I don't know about you, but I have been spending a lot of my time lately with the words "I want, what I want, when I want it" running through my head....
I know it sounds immature, but it is what it is.
I have been put in a number of situations recently, that have required me to delay instant gratification; and the emotions that are stirred because of it have been uncomfortable for me to feel. Even the positive emotions like, excitement, anticipation, joy etc... are difficult.
At first I didn't know that this was the problem, but as time has passed and I continued to avoid feeling the emotions as they came up, I found myself becoming more and more uncomfortable, inside and OUT!
The other day -while I was stewing about what I wanted and how I had to wait for it- I was also trying to find a way to console myself.... Unfortunately my references for doing this in the past haven't always been positive... but I don't drink or smoke anymore, and I really didn't want to deal with the consequences of finding a nice comforting dessert to eat...
So, I was just stewing. That was when the light bulb went off. (Now, I realize for some of you this next part would hardly be an epiphany.
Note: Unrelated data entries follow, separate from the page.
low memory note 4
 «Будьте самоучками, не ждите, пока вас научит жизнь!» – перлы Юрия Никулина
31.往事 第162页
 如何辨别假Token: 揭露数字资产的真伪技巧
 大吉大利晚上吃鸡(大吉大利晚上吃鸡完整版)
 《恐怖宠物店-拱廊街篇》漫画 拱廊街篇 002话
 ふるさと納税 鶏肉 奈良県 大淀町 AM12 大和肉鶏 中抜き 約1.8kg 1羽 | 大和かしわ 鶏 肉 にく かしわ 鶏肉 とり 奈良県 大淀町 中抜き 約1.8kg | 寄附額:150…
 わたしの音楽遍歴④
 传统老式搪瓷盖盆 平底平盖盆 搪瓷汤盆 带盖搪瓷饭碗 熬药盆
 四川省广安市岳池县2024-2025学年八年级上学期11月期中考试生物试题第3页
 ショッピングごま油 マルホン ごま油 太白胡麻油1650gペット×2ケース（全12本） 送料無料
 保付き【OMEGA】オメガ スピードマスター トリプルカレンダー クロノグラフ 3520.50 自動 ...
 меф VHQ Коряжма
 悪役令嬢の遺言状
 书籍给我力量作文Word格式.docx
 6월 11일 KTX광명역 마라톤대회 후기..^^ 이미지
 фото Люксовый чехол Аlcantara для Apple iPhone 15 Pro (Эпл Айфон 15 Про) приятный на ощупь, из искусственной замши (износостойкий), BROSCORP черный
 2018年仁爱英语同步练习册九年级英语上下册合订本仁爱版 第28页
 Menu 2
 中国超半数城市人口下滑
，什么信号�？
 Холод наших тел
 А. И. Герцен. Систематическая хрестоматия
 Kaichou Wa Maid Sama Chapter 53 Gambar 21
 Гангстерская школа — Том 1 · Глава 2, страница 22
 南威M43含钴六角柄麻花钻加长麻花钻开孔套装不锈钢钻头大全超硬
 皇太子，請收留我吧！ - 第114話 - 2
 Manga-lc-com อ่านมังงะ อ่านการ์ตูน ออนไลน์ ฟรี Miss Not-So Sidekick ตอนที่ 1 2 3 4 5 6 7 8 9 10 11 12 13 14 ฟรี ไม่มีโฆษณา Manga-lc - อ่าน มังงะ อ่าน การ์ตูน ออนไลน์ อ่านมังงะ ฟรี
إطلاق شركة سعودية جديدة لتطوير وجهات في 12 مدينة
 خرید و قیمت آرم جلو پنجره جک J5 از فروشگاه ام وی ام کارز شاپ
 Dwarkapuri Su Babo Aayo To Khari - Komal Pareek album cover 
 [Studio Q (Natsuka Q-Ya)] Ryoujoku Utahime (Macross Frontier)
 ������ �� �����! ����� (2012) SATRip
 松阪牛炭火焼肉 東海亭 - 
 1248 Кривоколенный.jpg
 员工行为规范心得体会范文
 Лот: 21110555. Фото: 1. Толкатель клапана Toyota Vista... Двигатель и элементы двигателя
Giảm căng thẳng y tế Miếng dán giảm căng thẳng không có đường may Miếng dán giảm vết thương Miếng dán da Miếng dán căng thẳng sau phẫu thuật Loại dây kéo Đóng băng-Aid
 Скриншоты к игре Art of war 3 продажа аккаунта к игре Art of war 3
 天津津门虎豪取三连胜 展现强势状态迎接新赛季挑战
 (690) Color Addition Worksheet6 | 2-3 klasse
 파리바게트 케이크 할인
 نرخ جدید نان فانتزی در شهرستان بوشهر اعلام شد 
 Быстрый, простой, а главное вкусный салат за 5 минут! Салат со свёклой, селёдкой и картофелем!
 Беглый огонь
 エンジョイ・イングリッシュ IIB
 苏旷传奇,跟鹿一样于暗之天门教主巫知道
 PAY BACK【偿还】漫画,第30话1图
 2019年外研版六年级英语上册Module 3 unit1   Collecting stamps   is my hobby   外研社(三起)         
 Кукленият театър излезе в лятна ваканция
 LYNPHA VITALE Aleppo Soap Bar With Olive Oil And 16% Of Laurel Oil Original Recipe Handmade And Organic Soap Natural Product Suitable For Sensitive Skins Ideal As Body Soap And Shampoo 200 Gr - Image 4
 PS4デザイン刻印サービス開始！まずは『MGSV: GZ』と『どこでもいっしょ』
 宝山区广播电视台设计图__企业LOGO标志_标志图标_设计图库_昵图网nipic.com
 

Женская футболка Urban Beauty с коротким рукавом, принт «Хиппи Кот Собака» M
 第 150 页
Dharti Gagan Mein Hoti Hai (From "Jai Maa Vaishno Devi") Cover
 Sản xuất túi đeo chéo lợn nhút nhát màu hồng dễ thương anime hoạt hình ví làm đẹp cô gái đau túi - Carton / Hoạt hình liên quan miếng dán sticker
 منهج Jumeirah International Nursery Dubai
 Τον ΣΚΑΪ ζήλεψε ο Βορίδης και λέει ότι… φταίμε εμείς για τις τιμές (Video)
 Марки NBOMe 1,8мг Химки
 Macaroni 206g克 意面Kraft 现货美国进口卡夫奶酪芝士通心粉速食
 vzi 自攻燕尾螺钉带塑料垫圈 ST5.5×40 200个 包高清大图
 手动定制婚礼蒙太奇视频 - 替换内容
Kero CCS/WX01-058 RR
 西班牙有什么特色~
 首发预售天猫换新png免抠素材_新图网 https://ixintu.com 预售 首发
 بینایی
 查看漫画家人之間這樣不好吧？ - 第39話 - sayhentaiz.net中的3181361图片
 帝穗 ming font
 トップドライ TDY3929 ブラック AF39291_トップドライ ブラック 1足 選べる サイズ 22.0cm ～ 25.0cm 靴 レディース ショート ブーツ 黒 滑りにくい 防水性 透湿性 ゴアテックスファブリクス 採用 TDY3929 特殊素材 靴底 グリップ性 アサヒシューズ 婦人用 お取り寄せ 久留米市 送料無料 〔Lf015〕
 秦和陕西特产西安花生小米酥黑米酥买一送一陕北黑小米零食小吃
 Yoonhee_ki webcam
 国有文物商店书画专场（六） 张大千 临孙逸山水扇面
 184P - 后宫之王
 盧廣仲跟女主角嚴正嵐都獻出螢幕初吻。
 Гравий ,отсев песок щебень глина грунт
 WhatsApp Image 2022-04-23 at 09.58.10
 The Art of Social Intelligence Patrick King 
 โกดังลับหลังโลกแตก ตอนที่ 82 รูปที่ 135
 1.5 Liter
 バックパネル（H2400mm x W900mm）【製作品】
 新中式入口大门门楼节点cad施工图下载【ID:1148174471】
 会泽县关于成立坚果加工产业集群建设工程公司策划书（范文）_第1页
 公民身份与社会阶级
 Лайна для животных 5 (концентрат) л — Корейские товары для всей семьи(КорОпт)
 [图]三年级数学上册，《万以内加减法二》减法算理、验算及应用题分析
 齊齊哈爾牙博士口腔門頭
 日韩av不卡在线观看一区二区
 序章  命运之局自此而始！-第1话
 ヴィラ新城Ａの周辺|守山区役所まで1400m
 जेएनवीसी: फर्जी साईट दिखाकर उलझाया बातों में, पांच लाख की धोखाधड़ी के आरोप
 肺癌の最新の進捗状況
But that's exactly what it was for me...)
This thought went through my head, "I don't need comfort from anything external. I just need to let the emotion come up, feel it, have a little faith and let it go."
There's a novel idea right? Well, a good friend of mine has been telling me this for a while now...and I understood it intellectually. But it had to come from within me, as a solution, at exactly the right time, in order for me to actually FEEL it.
Well, that is what happened. So, thanks Kim, I am so grateful.
I will try to remember that feeling uncomfortable is a part of Life sometimes, that all of my emotions are God given, and that they will pass when I accept them.
This has been a great learning experience and has opened yet another door for me.